Durocher has a background in footwear, and she believes that footwear lines in China are much more daring than anywhere else. "When I first came here, I did not know what kind of products were sold on Taobao, so I started to look. It was quite impressive. I found that Chinese footwear was really crazy."

Camilla Gleditsch from Norway had a similar realization. After working in fashion merchandising for her mother's shoe shop for over seven years, Gleditsch discovered Taobao when she came to China to work as a lecturer at International Fashion Academy Shanghai. She started buying new shoes every four days on Taobao.

But after she realized that all her Taobao shoes broke after two months, she went back to buying the expensive shoes from her mother's store, because of their superior quality.

Gleditsch started her own fashion blog in 2007 when she was studying at London College of Fashion. Her good friend Prince Cassius, the London-based TV host and fashion blogger, introduced her into London's blogger circle.

Last year, she developed a blog platform called That's It Magazine. The platform tries to get foreign fashion bloggers together and bring more awareness to them in China. The blog recently launched its public WeChat account to publish content in both English and Chinese.

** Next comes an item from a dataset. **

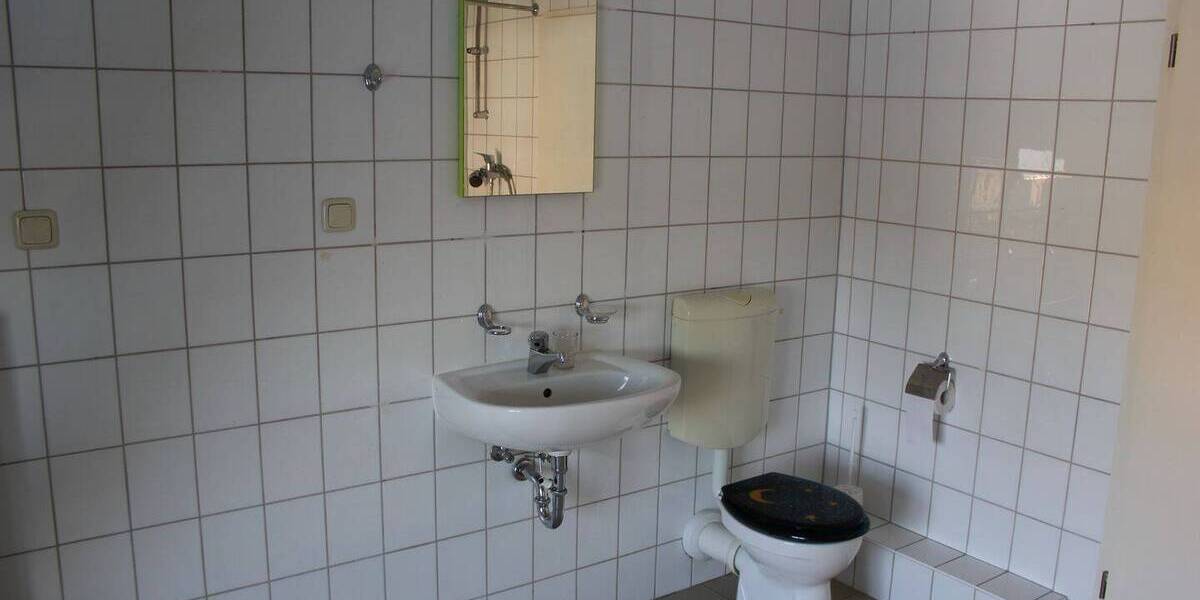 Etagenwohnung Schwerin Feldstadt - 2 Zimmer, 49 m&sup2;, 460&euro; | Angebot:26843908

Now, every time Guyard sees her friends wearing new shoes, she asks them: "Taobao?" And the answers are "yes" most of the times. Those shiny, low-priced and uniquely designed products from Taobao are essential style choices for some Chinese people. They are everywhere, unforgettable and even influential to foreigners in China. But are they Chinese style? The bloggers' answer shows: not really.

Camilla Gleditsch

Chinese style evolution

At the last Met Gala, American celebrities wore dresses designed to fit the year's theme: "China: Through the Looking Glass."

But the Chinese press mocked their dresses. Rihanna's yellow gown was called a Chinese pancake, and Sarah Jessica Parker's hat was compared to the mascot of the 2008 Summer Olympics in Beijing.

"The designers for the Met Gala had fallen into a cliché of Chinese elements. They wore what they thought was Chinese, but it actually wasn't," Guyard said.

In the past, Chinese designers put obvious Chinese elements like dragons on their clothing to show that they were from China. Today, it's more about the design itself.

"If you look at the designs and you cannot tell that they are Chinese, those are from the better Chinese designers," Gleditsch said.

When these expat fashion bloggers go shopping in Shanghai, they tend to only buy practical things. They take their fashion and luxury shopping overseas.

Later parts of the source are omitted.